If the business has cash reserves and the partner’s departure cannot be funded by insurance, this is a quick and simple approach.

  • Sale of assets

When a company lacks liquidity, they may opt to sell off non-essential assets to fund the buyout.

  • Asset leverage

Borrowing against certain company assets also helps fund a buyout when there is not enough cash on hand.

Valuation methods

As stated above, these agreements include details about how to value the shares of a departing owner. Here are the four most common methods for the valuation of a partner’s business shares:

  • Fixed Price

This is a rare method of valuing a company. Ideally, a company’s value will increase over time, so the departing partner could be at a disadvantage if they agree to a fixed price. 

  • Independent Appraisal

Shareholders specify in the agreement that an independent appraisal will determine the value of the business.

  • Market rate

The value of the partner’s stake in the company is calculated based on the value of similar, recently sold businesses.

  • Formula

The partners establish a formula, typically based on the business’s assets or earnings, to establish its value. 

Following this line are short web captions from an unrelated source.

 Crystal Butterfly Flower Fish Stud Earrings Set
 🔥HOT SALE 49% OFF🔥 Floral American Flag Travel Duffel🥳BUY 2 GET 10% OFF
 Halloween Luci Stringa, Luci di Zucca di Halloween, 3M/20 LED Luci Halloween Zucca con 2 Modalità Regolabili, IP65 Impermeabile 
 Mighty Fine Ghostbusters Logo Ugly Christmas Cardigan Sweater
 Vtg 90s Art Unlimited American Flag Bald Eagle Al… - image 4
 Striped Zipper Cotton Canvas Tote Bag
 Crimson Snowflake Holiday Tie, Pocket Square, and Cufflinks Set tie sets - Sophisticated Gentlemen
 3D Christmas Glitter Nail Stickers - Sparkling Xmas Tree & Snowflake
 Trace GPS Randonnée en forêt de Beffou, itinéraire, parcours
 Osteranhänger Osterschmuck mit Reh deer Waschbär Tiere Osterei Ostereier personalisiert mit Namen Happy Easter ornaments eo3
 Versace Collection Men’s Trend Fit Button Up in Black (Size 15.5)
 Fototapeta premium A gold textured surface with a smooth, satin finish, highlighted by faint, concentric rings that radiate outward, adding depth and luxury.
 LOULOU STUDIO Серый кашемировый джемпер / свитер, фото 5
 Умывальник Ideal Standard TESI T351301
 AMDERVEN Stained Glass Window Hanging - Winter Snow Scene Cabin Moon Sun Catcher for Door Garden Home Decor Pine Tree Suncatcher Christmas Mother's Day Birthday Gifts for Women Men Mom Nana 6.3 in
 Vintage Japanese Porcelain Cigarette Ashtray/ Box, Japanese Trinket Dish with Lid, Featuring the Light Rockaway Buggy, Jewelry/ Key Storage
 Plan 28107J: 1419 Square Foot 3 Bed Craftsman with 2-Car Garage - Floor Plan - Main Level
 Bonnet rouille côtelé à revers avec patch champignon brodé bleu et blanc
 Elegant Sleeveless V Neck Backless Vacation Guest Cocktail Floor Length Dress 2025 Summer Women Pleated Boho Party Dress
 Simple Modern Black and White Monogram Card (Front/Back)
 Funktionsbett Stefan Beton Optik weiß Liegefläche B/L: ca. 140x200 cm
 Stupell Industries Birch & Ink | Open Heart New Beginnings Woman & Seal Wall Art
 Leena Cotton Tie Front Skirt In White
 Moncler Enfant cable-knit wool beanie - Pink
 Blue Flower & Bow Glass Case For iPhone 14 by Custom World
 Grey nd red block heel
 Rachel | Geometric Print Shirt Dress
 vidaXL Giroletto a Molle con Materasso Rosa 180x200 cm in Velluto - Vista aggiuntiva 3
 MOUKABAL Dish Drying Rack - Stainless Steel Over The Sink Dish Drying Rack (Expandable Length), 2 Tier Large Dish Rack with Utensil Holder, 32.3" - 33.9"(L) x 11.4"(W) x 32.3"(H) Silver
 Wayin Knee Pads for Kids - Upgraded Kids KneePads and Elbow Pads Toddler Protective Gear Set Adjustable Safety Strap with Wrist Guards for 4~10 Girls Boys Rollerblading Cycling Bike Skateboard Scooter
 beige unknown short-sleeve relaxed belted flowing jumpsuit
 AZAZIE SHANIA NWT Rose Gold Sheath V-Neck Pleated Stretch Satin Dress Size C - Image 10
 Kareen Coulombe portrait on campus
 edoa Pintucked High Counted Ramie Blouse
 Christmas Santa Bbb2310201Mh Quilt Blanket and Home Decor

Common mistakes with buy sell agreements

While it’s important to have a contractual agreement with your business partners, the existence of this document alone cannot protect the partners’ interests. The most common mistake that businesses make is that they create the contract, then leave it alone while the business changes and grows. The risk here is that the agreement may not reflect the current value of the business. This is why it’s so important to review the terms at least annually to ensure that it is still reflective of the status of your business.

Another common oversight is the failure to include real estate assets in the agreement. It’s common for larger businesses to create a separate entity to hold a business’s real estate. This is usually for tax and liability purposes. Unfortunately, failure to include real estate in the agreement can result in a departing partner not receiving their due when it’s time to sell. Any agreement that fails to include all of a business’s entities is incomplete.

The third most common mistake business owners make is that their buy sell agreement is underfunded. This can happen in a variety of ways. Sometimes, businesses won’t have the cash on hand or sufficient assets to implement a buyout. In cases where a partner dies, the terms of the insurance policy may not match those of the agreement. It’s important for partners to understand what their insurance policies will cover in the event of a partner’s death or disability. 

Key Takeaways

Creating a buy sell agreement requires business partners to consider some common occurrences, such as a partner’s resignation, along with worst case scenarios. While it may be tempting to avoid creating this agreement because of the difficult conversations that can arise, failing to put an agreement in writing can jeopardize your business’s ability to remain in operation.

Business partners should also make a point of understanding what their insurance policies will and won’t cover, and how the insurance policy aligns with their agreement. Most importantly, a Buy Sell Agreement isn’t a “set it and forget it” document. A business can grow and change substantially over the years, so make sure that your agreement is current and reflective of its present-day operations.